One of the most significant developments for Enterprise 2.0 happened last week when Google Apps Marketplace announced that it would be standardizing on OpenID.
Google is leveraging its strength as an identity provider to create a single sign-on ecosystem for third party applications and enterprise customers. This does not mean that we will see immediate adoption of single sign-on across the enterprise landscape. But it does represent a shift that will lead to more seamless application integrations, platform diversity and a sizable community of enterprise customers.

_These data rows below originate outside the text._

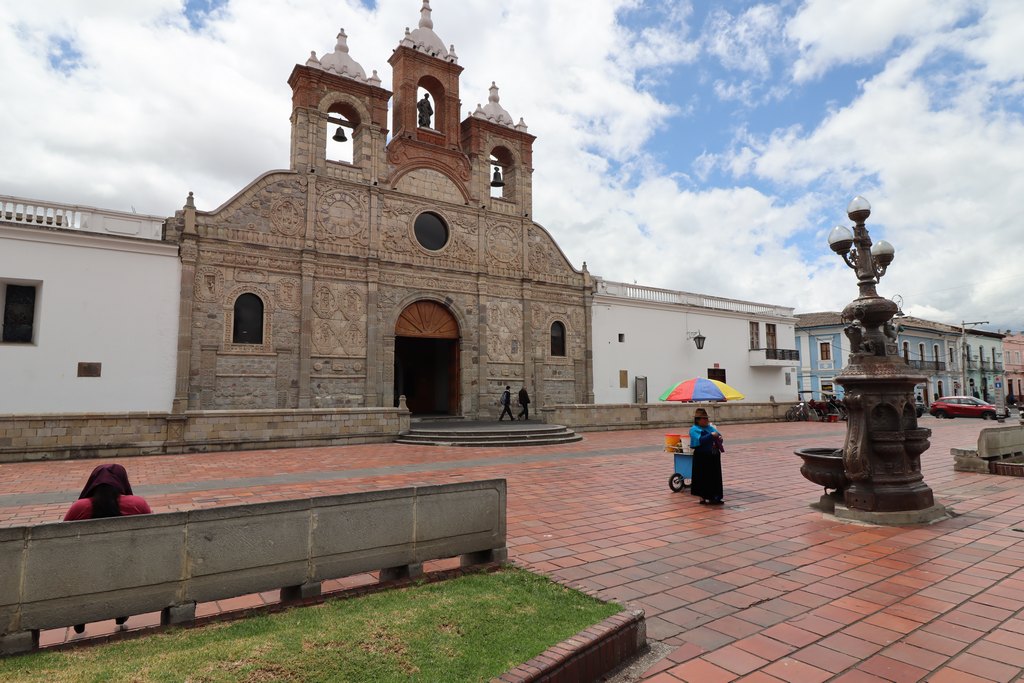Ribamba, alte Kirchenfassade im Kolonialstiel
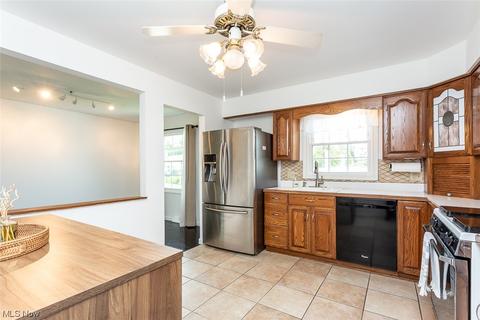 2138 David Ave, Parma, OH 44134 photo 8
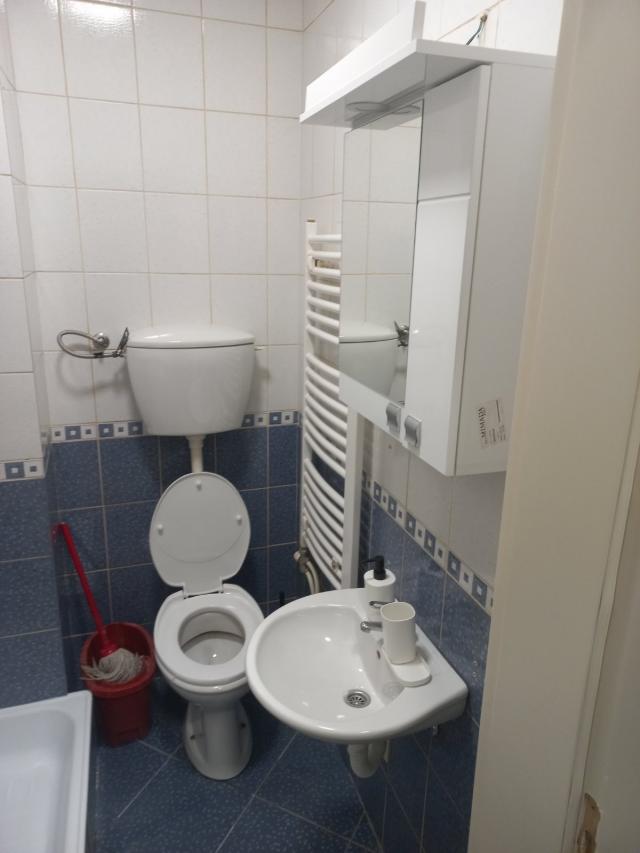 ODLIČAN STAN BLIZU CENTRA GRADA, GUNDULIĆEVA ULICA !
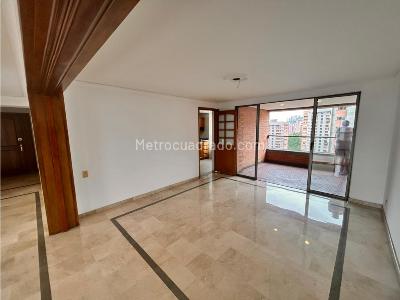 Apartamento de 3 alcobas en venta en El Poblado, Medellín, 211 m² · foto 3 de 16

Today, we spent some time talking with Vatsal Sonecha, vice president of TriCipher who gave some perspectives about the impacts of the Google announcement and what it means for the enterprise marketplace. TriCipher offers MyOneLogin, an OpenID service.
OpenID Means Choice
Google Apps Marketplace is the first major platform to adopt OpenID. Salesforce.com AppsExchange provides support for developers that integrate federated identity but they do not have it standardized across the platform. Microsoft has not adopted OpenID. Google’s move means that competing platforms will have to consider entering the OpenID ecosystem. As more platforms do adopt OpenID, the aggregate user base will diversify and grow. Platforms that do not adopt OpenID will have to convince the market that its proprietary network is more robust and valuable than all the rest.
A Critical Mass of Users
Service providers now have a potential critical mass of users. They are beginning to adopt OpenID but now they have further incentives. The dynamics of demand aggregation now come into play. With a universal identity foot print, a service provider may now reach deeper into the enterprise.
The Cloud and OpenID
Cloud computing makes it easier for companies to adopt OpenID. Services like MyOneLogin and OneLogin provide infrastructure for security authentication markup language (SAML) integration and single-sign on with multi-factor authentication. The identity services provider becomes a hub that keeps track of updates, new protocols and the other issues that come with keeping up to date with federated identity technicalities. With the services in place and a marketplace to explore, service providers will greet an already qualified customer. These customers will be ready to buy without concerns about registering new user names and passwords. It’s like a club. You join once. That’s it.
Watch the Carriers
According to Sonecha , the carriers have a material advantage if they decide to offer OpenID. They have a user base. They understand how to manage scalable systems. And they never worry about capital expenditures. They may borrow a sheet from Google and open their own marketplace or next generation service catalogs.